Many entrepreneurial projects build products, add features, and seek to grow without having stopped to verify something fundamental: whether what they offer solves a real problem for someone willing to pay for it. Validating hypotheses is not an optional phase or a procedure prior to launch. It is a strategic decision that, when properly managed through Build, Measure, and Learn cycles, becomes one of the greatest guarantees of viability and growth for a project.

priorización

In the initial phases of an innovative entrepreneurial project, moving fast does not mean moving without method. On the contrary: working with clear frameworks allows you to reduce uncertainty, prioritize efforts, and make decisions based on evidence, not intuition. For this reason, it is especially effective to organize work in short cycles, typically 90 days, in which between three and five achievable and measurable objectives are defined to set the project's direction.

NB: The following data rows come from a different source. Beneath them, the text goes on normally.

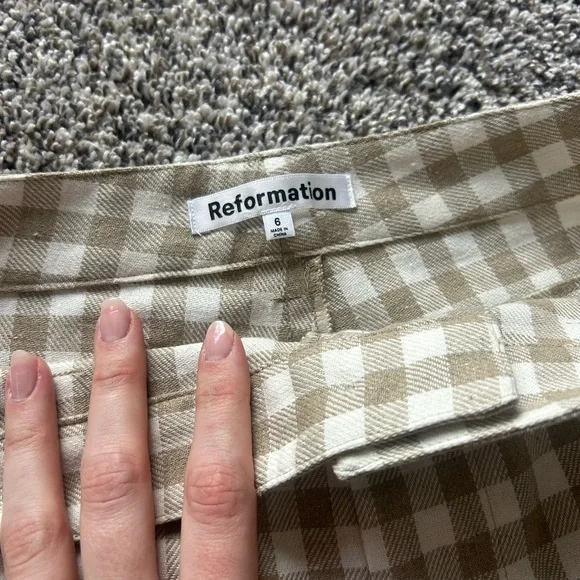 Reformation Franklin pants in gingham - Picture 2 of 7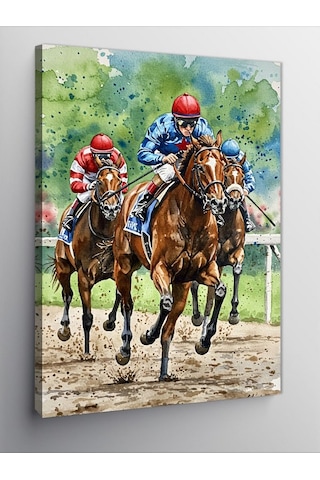 Kanvas Tablo At Yarışı Ve Hızın Coşkusu 50cmx70cm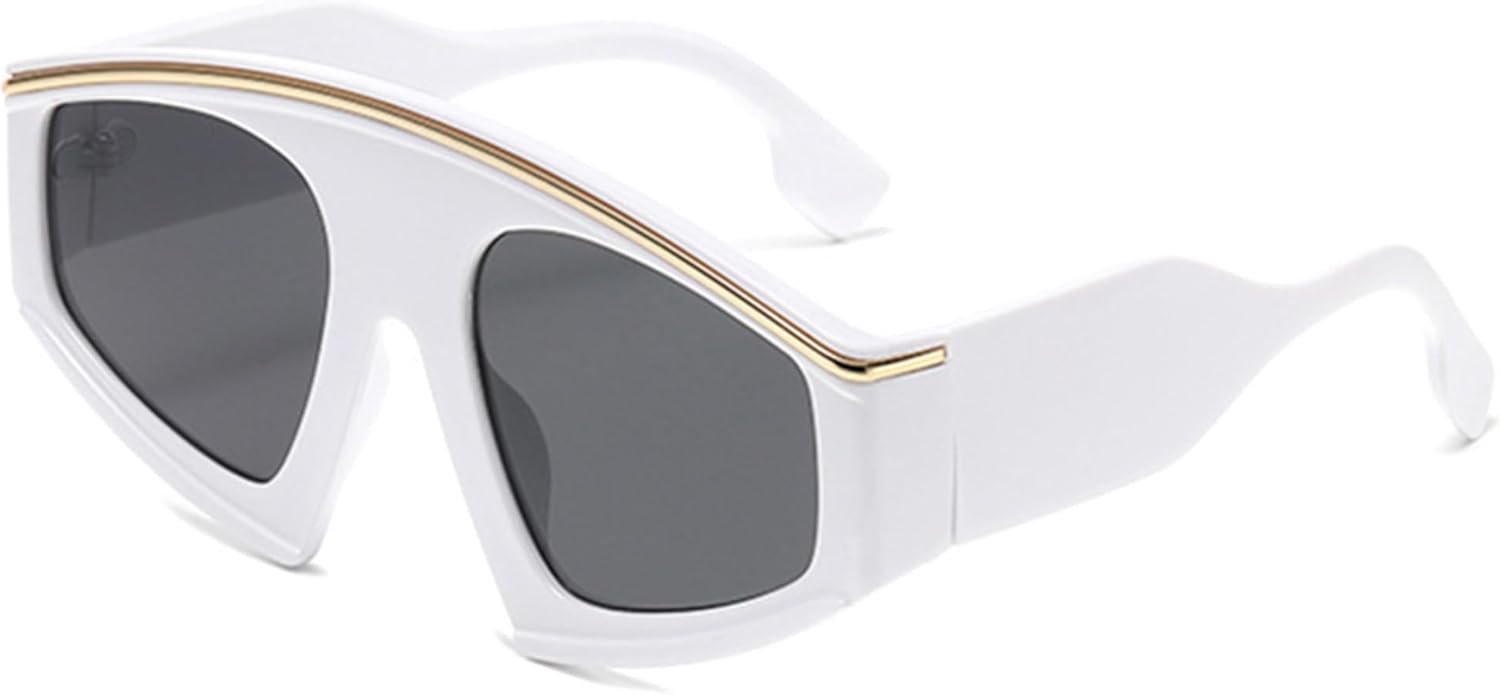 

bullabulling Модные солнцезащитные очки большого размера «кошачий глаз» для женщин, винтажные солнцезащитные очки с градиентом для вождения, солнцезащитные очки UV400 для мужчин, White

This approach helps to focus on what truly adds value, avoiding dispersion in complementary tasks, and makes it easier to continuously assess whether the project is moving in the right direction. In this context, different innovation methodologies offer practical tools to structure the process. Among them, the Lean methodology stands out as a particularly suitable framework for early-stage projects, focusing on validating real hypotheses through continuous Build, Measure, and Learn cycles.

Build

Building consists of launching a functional version of the product or service with the minimum scope necessary to generate real interaction. This approach takes shape in the Minimum Viable Product (MVP), understood as a deliberately limited solution, designed to validate key hypotheses under real conditions, without incorporating features that have not yet been tested.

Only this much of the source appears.